Dr Akhtar’s books have been translated into many languages, including German, Italian, Korean, Persian, Romanian, Serbian, Spanish, and Turkish. A true Renaissance man, Dr Akhtar has served as the Film Review Editor for The International Journal of Psychoanalysis, and is currently serving as the Book Review Editor for the International Journal of Applied Psychoanalytic Studies. He has published 9 collections of poetry and serves as a Scholar-in-Residence at the Inter-Act Theatre Company in Philadelphia.

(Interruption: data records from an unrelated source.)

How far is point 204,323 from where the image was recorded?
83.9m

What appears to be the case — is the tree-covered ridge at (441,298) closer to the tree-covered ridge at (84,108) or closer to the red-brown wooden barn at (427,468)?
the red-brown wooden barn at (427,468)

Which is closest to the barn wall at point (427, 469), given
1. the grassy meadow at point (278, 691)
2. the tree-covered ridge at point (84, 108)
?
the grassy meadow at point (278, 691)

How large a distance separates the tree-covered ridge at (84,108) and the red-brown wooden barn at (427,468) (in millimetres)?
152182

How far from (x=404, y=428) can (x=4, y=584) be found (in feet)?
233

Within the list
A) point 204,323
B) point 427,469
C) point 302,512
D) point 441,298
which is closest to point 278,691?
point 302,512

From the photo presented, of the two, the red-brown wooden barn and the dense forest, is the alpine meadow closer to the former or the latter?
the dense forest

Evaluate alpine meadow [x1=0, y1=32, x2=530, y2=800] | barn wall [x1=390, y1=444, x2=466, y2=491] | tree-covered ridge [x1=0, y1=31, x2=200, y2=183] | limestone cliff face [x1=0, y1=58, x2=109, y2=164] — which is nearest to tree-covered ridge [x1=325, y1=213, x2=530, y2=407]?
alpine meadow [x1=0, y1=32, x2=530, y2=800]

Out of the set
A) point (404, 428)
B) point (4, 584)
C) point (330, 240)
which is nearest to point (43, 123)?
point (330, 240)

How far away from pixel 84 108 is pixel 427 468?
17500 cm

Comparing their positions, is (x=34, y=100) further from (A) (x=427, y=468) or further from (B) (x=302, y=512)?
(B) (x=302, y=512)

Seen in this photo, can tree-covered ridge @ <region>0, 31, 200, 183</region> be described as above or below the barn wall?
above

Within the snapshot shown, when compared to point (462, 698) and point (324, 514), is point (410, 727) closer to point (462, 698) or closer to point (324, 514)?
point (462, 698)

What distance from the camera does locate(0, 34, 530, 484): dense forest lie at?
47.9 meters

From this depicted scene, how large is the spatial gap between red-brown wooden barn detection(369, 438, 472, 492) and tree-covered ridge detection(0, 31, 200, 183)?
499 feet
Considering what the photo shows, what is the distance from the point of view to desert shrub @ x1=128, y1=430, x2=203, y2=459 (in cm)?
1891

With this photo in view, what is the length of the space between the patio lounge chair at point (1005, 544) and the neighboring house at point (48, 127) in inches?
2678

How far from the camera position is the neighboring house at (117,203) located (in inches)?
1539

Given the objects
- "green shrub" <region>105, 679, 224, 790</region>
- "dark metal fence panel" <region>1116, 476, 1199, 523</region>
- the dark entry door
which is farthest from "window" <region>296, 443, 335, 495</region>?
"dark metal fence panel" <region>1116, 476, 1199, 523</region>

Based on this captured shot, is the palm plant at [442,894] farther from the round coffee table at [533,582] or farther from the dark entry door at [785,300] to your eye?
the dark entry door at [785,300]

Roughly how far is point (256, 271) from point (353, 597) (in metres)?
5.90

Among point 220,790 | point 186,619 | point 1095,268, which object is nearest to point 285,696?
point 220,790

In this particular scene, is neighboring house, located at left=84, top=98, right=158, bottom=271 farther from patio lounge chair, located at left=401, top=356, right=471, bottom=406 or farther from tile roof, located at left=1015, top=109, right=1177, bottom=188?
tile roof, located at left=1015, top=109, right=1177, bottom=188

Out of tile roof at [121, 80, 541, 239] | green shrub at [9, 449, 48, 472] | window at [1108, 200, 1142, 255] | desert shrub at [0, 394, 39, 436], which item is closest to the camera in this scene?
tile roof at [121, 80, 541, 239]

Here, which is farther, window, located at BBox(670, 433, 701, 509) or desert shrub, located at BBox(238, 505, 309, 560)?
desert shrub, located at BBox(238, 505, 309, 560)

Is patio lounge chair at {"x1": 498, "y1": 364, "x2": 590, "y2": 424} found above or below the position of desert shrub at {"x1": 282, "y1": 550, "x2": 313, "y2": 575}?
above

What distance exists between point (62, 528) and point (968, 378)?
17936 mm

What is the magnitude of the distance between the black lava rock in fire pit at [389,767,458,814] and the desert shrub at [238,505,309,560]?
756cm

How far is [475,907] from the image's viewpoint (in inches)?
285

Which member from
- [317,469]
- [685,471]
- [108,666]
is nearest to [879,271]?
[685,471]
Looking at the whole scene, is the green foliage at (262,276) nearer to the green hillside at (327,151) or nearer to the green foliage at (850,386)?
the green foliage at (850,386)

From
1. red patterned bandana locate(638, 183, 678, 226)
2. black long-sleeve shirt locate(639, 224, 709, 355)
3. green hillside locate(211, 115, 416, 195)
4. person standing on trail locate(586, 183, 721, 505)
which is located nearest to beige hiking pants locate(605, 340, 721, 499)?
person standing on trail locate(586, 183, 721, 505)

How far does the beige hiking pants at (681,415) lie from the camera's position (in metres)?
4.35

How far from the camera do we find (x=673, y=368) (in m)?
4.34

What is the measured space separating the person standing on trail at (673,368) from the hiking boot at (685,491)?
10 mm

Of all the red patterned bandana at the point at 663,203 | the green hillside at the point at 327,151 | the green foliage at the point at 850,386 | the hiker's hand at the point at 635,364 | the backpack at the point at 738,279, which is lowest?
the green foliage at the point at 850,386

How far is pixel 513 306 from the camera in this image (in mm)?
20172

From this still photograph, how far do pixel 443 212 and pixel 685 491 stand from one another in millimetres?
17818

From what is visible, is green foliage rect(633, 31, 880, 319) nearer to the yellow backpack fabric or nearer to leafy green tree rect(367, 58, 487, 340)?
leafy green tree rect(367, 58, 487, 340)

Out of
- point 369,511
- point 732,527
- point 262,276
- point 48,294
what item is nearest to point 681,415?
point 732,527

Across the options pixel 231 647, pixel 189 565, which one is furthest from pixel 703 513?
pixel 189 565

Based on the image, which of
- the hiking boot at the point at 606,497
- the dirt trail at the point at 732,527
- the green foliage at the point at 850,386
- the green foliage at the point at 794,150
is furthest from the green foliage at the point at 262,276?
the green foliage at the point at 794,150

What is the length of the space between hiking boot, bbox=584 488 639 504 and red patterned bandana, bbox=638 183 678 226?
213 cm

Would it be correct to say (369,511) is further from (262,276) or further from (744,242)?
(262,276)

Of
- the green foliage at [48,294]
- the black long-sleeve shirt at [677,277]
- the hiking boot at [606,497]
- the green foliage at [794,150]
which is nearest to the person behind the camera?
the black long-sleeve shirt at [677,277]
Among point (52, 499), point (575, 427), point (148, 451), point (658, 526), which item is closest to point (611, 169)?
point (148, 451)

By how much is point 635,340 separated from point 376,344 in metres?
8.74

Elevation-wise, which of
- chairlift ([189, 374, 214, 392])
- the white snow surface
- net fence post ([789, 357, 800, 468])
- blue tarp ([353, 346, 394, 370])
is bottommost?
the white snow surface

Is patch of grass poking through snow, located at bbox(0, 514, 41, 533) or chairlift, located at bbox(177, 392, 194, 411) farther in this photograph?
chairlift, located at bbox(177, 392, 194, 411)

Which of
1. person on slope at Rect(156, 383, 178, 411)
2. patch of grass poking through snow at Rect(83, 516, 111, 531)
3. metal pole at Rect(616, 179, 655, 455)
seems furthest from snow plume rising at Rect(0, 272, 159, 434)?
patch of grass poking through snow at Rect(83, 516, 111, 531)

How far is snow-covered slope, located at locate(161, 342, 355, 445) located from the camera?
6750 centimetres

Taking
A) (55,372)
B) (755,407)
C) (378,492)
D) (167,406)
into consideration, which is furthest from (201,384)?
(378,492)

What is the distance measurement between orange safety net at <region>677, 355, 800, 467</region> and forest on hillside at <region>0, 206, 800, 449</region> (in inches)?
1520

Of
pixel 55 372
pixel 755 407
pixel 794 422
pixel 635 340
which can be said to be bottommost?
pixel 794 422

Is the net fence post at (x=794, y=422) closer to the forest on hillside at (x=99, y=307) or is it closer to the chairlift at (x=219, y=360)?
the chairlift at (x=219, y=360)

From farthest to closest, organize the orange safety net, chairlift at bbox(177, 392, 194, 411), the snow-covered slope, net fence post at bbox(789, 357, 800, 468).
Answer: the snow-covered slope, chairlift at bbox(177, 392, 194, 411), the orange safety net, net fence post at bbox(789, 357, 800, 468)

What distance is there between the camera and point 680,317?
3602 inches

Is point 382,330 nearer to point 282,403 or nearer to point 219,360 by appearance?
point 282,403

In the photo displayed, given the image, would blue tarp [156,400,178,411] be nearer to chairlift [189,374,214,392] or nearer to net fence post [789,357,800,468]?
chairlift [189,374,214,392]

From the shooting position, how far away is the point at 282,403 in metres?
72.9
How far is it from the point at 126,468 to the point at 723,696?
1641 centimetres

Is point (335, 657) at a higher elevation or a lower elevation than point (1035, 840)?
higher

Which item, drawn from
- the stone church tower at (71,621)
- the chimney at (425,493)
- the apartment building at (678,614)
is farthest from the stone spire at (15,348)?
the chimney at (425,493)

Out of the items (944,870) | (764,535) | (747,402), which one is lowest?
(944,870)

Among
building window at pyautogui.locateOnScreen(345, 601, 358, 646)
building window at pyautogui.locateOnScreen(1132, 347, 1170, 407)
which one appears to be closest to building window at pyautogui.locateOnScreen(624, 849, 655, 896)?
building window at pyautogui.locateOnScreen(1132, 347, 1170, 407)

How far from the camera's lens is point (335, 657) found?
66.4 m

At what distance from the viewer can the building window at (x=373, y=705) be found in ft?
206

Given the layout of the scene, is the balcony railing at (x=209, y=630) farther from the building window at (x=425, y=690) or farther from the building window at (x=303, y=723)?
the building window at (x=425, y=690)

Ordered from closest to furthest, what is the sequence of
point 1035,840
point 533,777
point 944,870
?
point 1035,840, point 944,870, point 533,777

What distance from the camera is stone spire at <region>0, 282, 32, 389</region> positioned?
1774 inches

Nina Savelle-Rocklin, Psy.D. is a Los Angeles-based psychoanalyst specialising in eating disorders. She is the author of Food for Thought: Perspectives on Eating Disorders and The Binge Cure: 7 Steps to Outsmart Emotional Eating. She also co-edited (with Salman Akhtar) Beyond the Primal Addiction. She has written articles and book chapters on binge eating, bulimia, and mistrust as it pertains to eating disorders, as well as on the origins and fundamentals of psychoanalysis. She is regularly featured in podcasts, radio shows, print media, and online summits throughout the globe. She hosts The Dr. Nina Show radio program on LA Talk Radio. Her TEDx talk is ‘Why Binge Eating is NOT about Food’.